His Beatitude Ieronymos II presided over the donation ceremony, which was attended by a Vatican Delegation that included Bishop Brian Farrell, Secretary of the Dicastery for Promoting Christian Unity; Archbishop Jan Romeo Pawłowski, Apostolic Nuncio to Greece; Prof. Barbara Jatta, Director of the Vatican Museums; and Msgr. Andrea Palmieri, Undersecretary of the Dicastery for Promoting Christian Unity.
In his address on the occasion, His Beatitude Ieronymos II, expressed his great joy and gratitude for the reunification of the three fragments of the Parthenon from the Vatican Museums with the Parthenon architectural sculptures in the Acropolis Museum.
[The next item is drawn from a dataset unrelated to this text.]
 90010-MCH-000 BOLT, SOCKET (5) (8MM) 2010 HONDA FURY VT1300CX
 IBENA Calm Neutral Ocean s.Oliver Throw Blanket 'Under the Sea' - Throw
He said that this initiative of Pope Francis in donating the fragments has "historic importance, with multiple positive repercussions on several levels." First, His Beatitude noted, it shows the "tangible proof of the fruits produced by the fraternal relations that exist among us Christians, guided by truth, love, mutual respect and understanding." It shows our world today, marked by injustice, that solutions to our problems are possible when there is good will and a sincere desire to resolve them. Second, he recalled how "truth is restored" and wounds of the past are healed with this reunification of inseparable parts of this special monument of the world's cultural heritage. He concluded by expressing his hope that this gesture of Pope Francis might be imitated by others. He thanked all those who contributed to making this celebration possible.
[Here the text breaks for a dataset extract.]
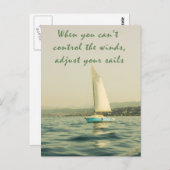 あなたの帆を調節して下さい ポストカード (正面/裏面)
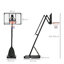 Freeport Park Giglio Adjustable Height 107cm W Steel Portable Full-Size Basketball Hoop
Addressing those present, Bishop Brian Farrell, Secretary of the Dicastery for Promoting Christian Unity, said that the gift of the fragments marks "an ecclesial, cultural and social gesture of friendship and solidarity with the people of Greece." He recalled the origin of Pope Francis' desire to make this gesture and how it affirms "ever more strongly the friendship and spiritual closeness between our Churches" and conveyed the Pope's warmest greetings and prayerful good wishes to His Beatitude and the entire body of the Church of Greece. He added that "people of goodwill can see in this event the expression of a shared hope that our diverse cultures, and art itself, will always be a privileged means of dialogue and encounter among peoples. In that exchange, we enrich each other, in the wonderful diversity of our histories, our achievements and the universal aspiration to peace and fraternity." In conclusion, he expressed the hope that "from the encounter between peoples and their cultures – of which the homecoming of the Parthenon fragments is one eloquent sign - will spring the understanding and solidarity that leads to peace."